Hi everyone! I’m Roger, Sean’s stoma. Some of you have asked if all stomas act like me or if I’m just a stubborn brat.
Well, let me tell you the story of how I came to be.
Most people have a healthy digestive system, including a small intestine, large intestine, and colon. This system helps them intake, digest, and break down food, absorb water and nutrients, and remove all the stuff we don’t want or need from our bodies.
Unfortunately, some people have faulty systems, which can cause mild to severe symptoms, including:
- Belly pain
- “The Overachiever” (aka too much activity)
- “Clogged Pipes” (aka not enough activity)
- Urgency (aka when you gotta go, you gotta go)
Long term symptoms can result in:
- Poor nutrition
- Bone loss
- Blood clots
- Blocked bowels
- A hole in your colon
- A rapid widening of your colon
- A higher risk of colon cancer
Many of these symptoms are often treatable with medicine, but sometimes can result in hospitalization and even death. Faulty systems may be the result of one of the following:
Irritable Bowl Syndrome (“IBS”) which is a functional problem. Tests won’t show any physical reason for your symptoms.
Irritable Bowl Disease (“IBD”) which is a structural problem. That means physical damage causes your symptoms.
If you have IBD, it can be one the following:
Ulcerative Colitis – which attacks the colon specifically.
Crohn’s Disease – which can attack anywhere along the entire digestive tract.
In 1999, Sean was diagnosed with Ulcerative Colitis, and his large intestine and colon were so sick, the doctors couldn’t find a med that would help him, so they had to be remove both of them completely.
Fortunately, his small intestine worked fine, so it took over for the large intestine and Sean did pretty well for a decade or so.
But then, Sean’s small intestine started getting sick, and the doctor’s discovered that Sean had developed Crohn’s disease as well. (Or perhaps it always was Crohn’s disease. Who knows?)

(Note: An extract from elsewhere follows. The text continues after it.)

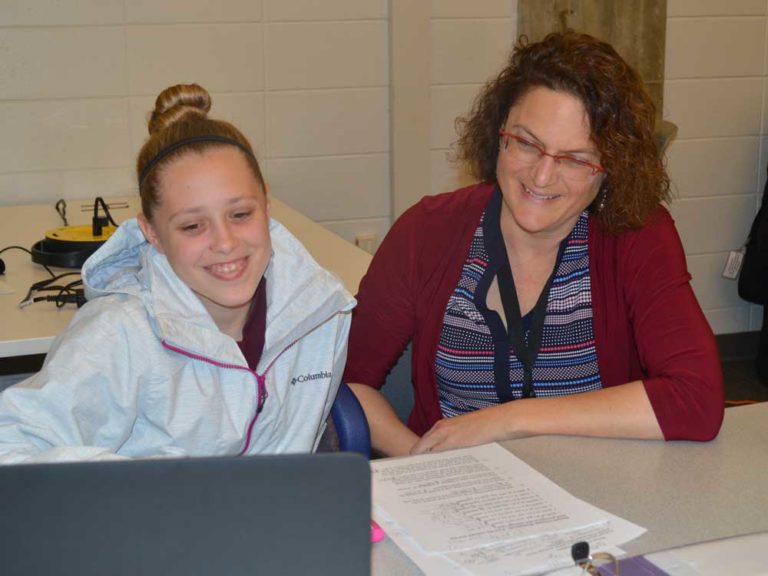 Blended online, in-class MySchool@Kent program expanded to middle school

For a few years, Sean got infusions that helped keep most of his symptoms at bay, but in 2021, things got soooo bad, the doctors had to do more surgery, and that’s when I was born:
The doctors removed the piece of sickly small intestine, then made me, Roger, to help Sean get rid of the yucky stuff while his small intestine healed from the operation. At the time of surgery, the doctors weren’t sure if I would be permanent or not.
Most stomas behave: they stay put, right where they were created, and after their body buddy adjusts, everyone goes on to live a relatively normal life. So, after Sean learned all the tricks of the trade, he thought he’d just have to give me a new frock every few days and all would be well.
But not me. Nope, stomas like me aren’t content to stay where we’re put. We want to stretch our wings and see how far we can get in life, so I started to grow, and grow, and get farther out of Sean’s body and into the great big wide world.
Unfortunately, my yearning to be free causes problems for Sean. Consequently, he tries to coax me back inside and keep me in place with special belts and straps, so he can move about more freely and leave the house without worry.
When he puts the belts on, I can’t see anything….
…and all that stuff I try to help him get rid of gets in my face and and on his skin!
Fortunately, (for Sean, anyway) the doctors ran some tests and determined Sean’s small intestine was healthier than they thought so, next month, I am going bye-bye and all Sean will have left to remember me by is a little scar on his oversized belly.
I am sad to be going, but I know I helped Sean get better, and this world (and pouch) is just too small to contain a big personality like me, so I will return to doing inside work, where I can make a bigger impact from behind the scenes.
Did you know:
Having your whole colon removed is called a Colectomy. (That’s what Sean had.)
Stomas made from their large intestine are called Colostomies.
Stomas made from the small intestine are called Ileostomies. (That’s what Sean has.)
Ileostomies are more active then Colostomies. (But they don’t lose weight because of it, dammit!)
People with ostomies of either kind are called Ostomates.
You may know an Ostomate and not even know you know an Ostomate.
Ostomates who love spaghetti are called Pastomates. (Just kidding!)
Ostomates who love the Academy Awards are called Oscarmates (There I go again!)
Ostmates who kiss members of the same sex are called Ostagay-tes. (OK. Last one. I’ll stop!)
It’s important to note that Ostomates can and do still still eat cookies, but some of them can only eat them if they’re gluten free. So if you thought you couldn’t send Sean gluten free cookies because of me, guess again, partner!
Hope that answers all of your questions. If not, feel free to ask me more in the comments.